Esta situação foi piorando com o passar dos anos, levando a crise fiscal a um extremo, que a moeda argentina se desvalorizou de tal maneira que, hoje, vale R$ 0,42. No Brasil, a forte desvalorização do Real é mais recente, começando no primeiro semestre de 2020, o que deu início a atual inflação mais elevada. Mesmo com o Banco Central brasileiro demorando para reagir, a alta dos juros (Selic) recente começou a fazer algum efeito contra a inflação, porém, os custos fiscais eleitoreiros, cada vez maiores, acabam atrapalhando o processo de ajuste por aqui também. “E aqui, no caso dos combustíveis, hoje não há subsídios como na Argentina. Tivemos isso até o final do governo Dilma Rousseff, em 2016, fato que quase quebrou a Petrobras (quase repetimos a Argentina neste caso), além da corrupção ali existente. A partir do governo Temer, a Petrobras adotou o atual sistema de reajuste de preços, o que a faz repassar os preços internacionais, assim como a desvalorização do Real, além dos custos de transporte e a margem de ganho da empresa.”
Com a desvalorização do Real a partir de 2020, e o aumento dos preços do petróleo no mercado mundial, especialmente após o início da guerra Rússia x Ucrânia, os preços dos combustíveis dispararam no Brasil, enquanto os argentinos continuaram subsidiando os produtos derivados do petróleo.

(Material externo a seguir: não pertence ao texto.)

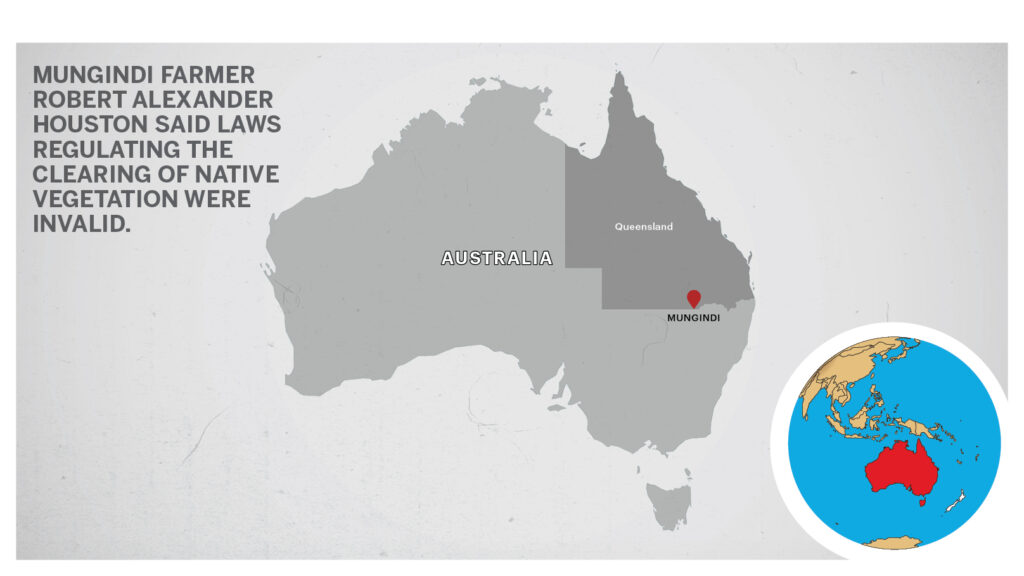 Map of Mungindi Queensland, Australia.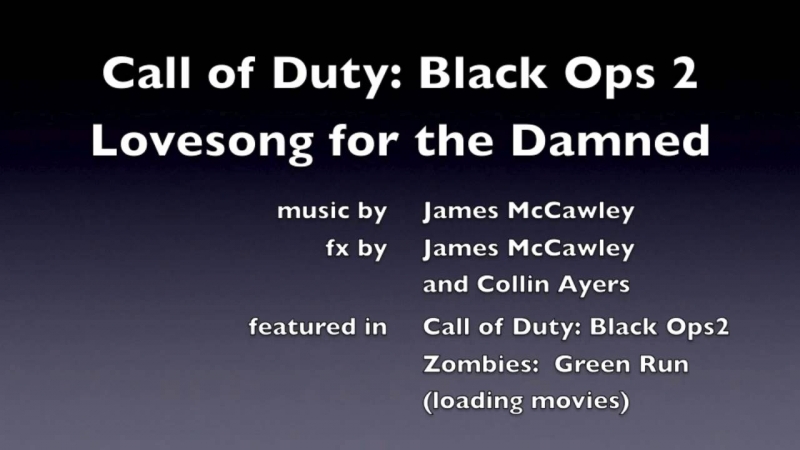 Call of Duty Black Ops 2 (Zombies) - Green Run Game Over Song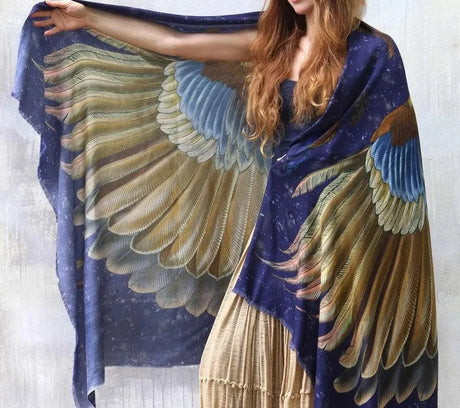 Wings Fantasy Shawl Scarf Festival Cloak Rave Accessories
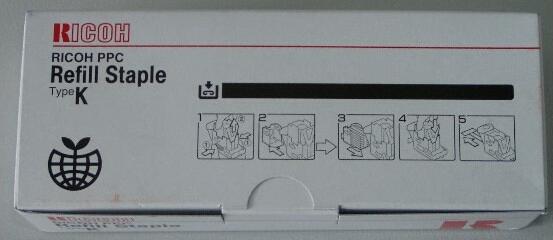 Image du produit RICOH Recharge agrafeuse Type K, paquet de 3 (1 x)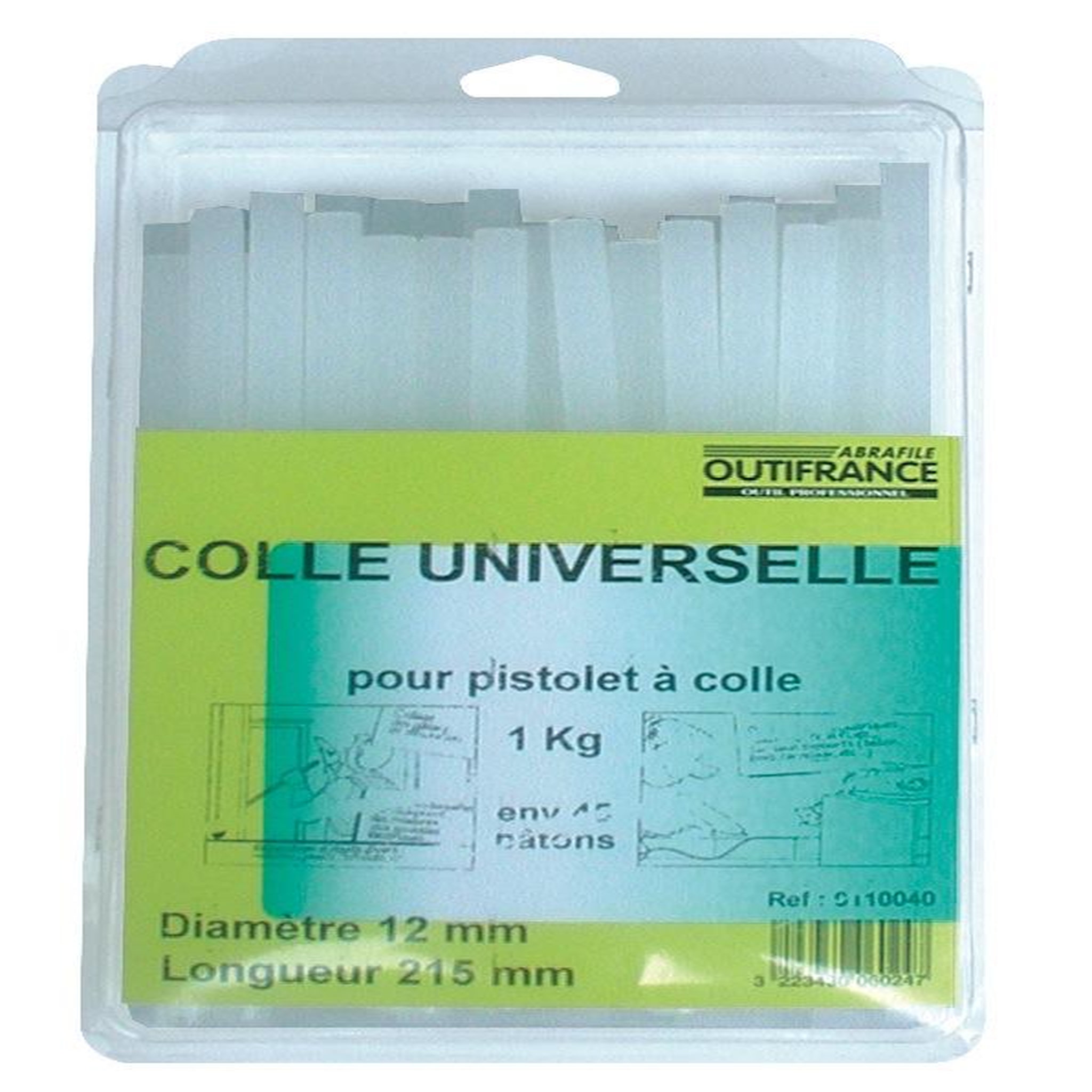 TECHMAN 125 bâtons de colle universelle (12 x 200 mm)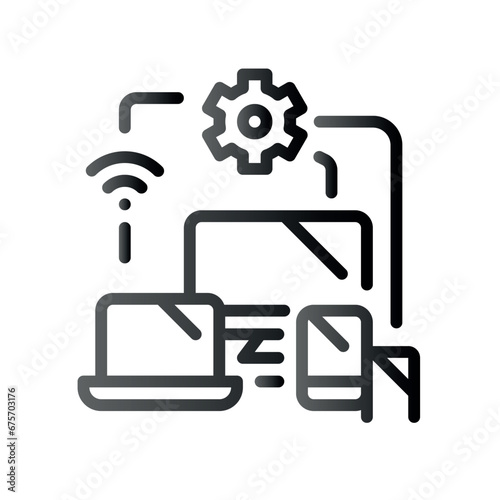 Very Clear black gradient vector ICON on white background for business and infographic designs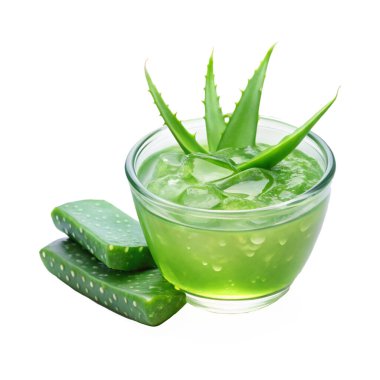 taze aloe vera dilimi ve jel png tasarımı 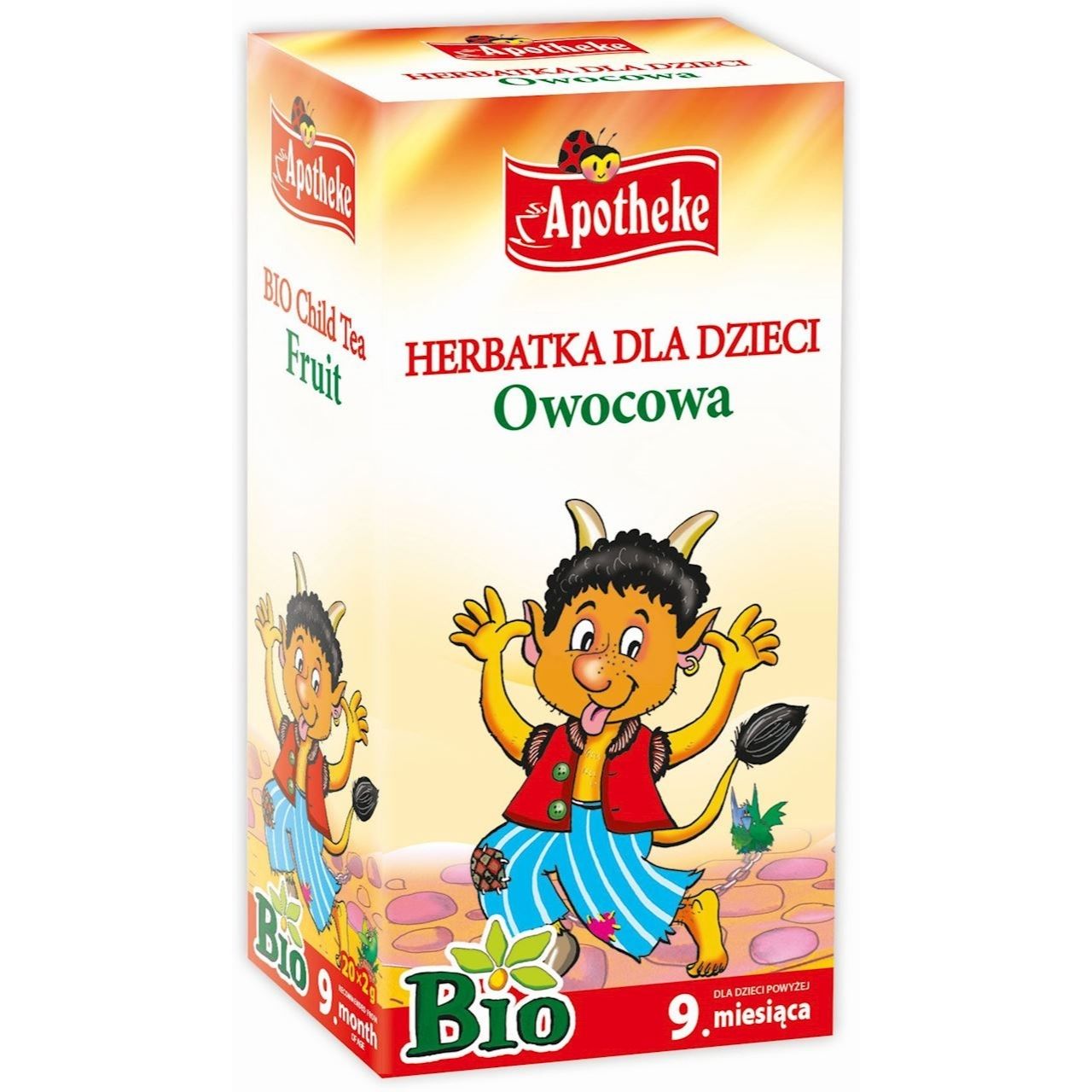 Herbata dla dzieci - owocowa BIO (20 x 2 g) 40 g - Apotheke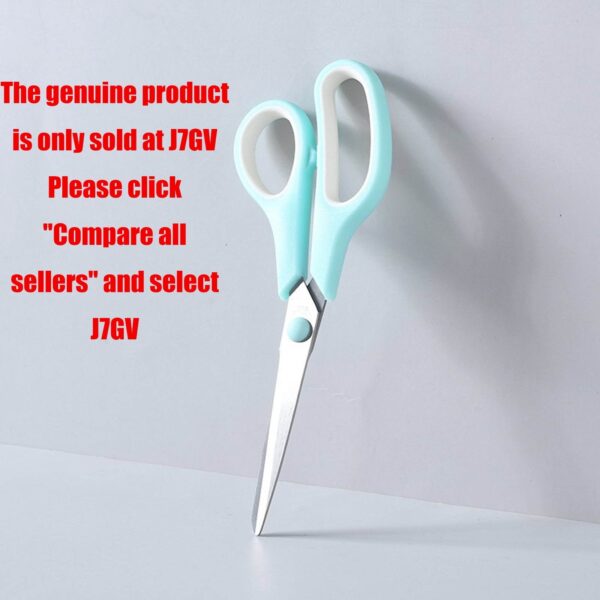 Latrodar Rubber Stainless Steel Macarons Color Design Scissors Office Supplies Color Student Stationery Scissors Pink Upgraded 3.6×0.4 Inch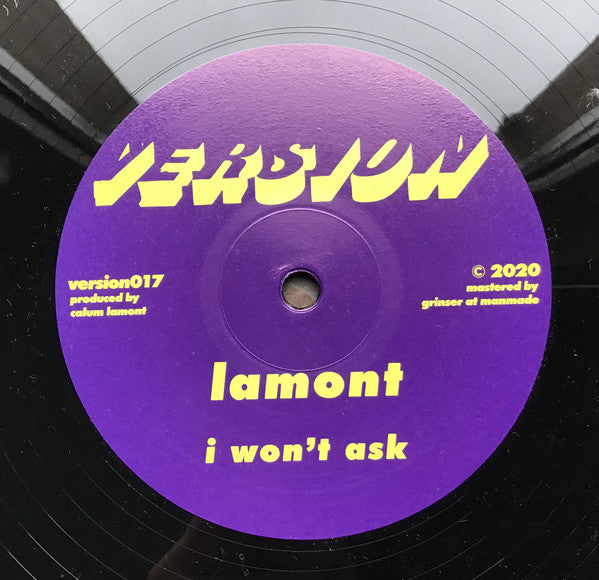 Lamont – Dominant / I Won't Ask (12", Version, 2020) Back Cover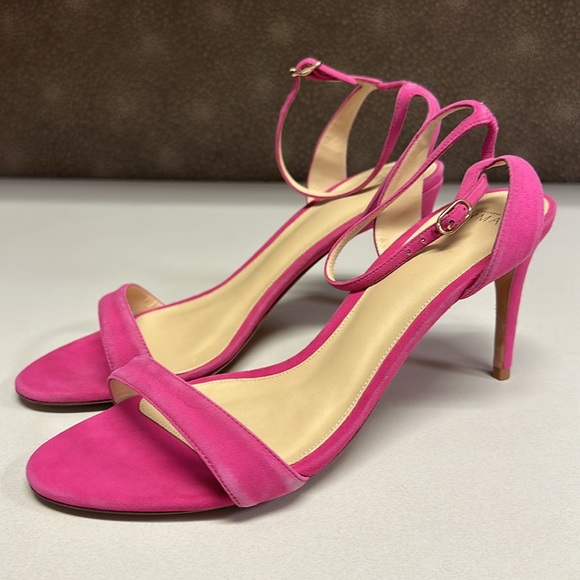 🔥🔥🔥NEW Alexandre Birman Blossom Pink Suede Heels - Picture 1 of 13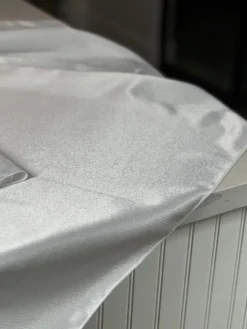 Luxury Satin Table Linen in White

Acontece que, de uns anos para cá, eles, ao passarem a importar combustíveis, acabaram gerando uma benesse enganosa para a população, pois o risco de desabastecimento local cresceu muito, enquanto o estouro das contas públicas piorou, levando a Argentina a uma crise que a empobrece cada vez mais, gerando inclusive um processo de estagflação. “O Brasil não chegou a esta situação ainda, porém, ultimamente vem flertando com essa possibilidade, o que é um perigo. Afinal, se continuar a baixar os preços de bens, como os combustíveis, açodadamente, via medidas imediatistas, como o caso da redução dos impostos, sem uma reforma tributária competente, corre o risco de chegar ao estágio econômico da Argentina logo adiante”, destaca Brum.
O analista lembra ainda que mesmo com o aumento do preço da gasolina na Argentina, o combustível do país vizinho é pura e de alta octanagem, ou seja, de alta qualidade. Já a nossa, possui 27% de mistura de álcool combustível (etanol). “Na prática, considerando o litro com a mistura em R$ 6,00, hoje, o valor do litro de uma gasolina pura, aqui, está em R$ 8,22”, finaliza.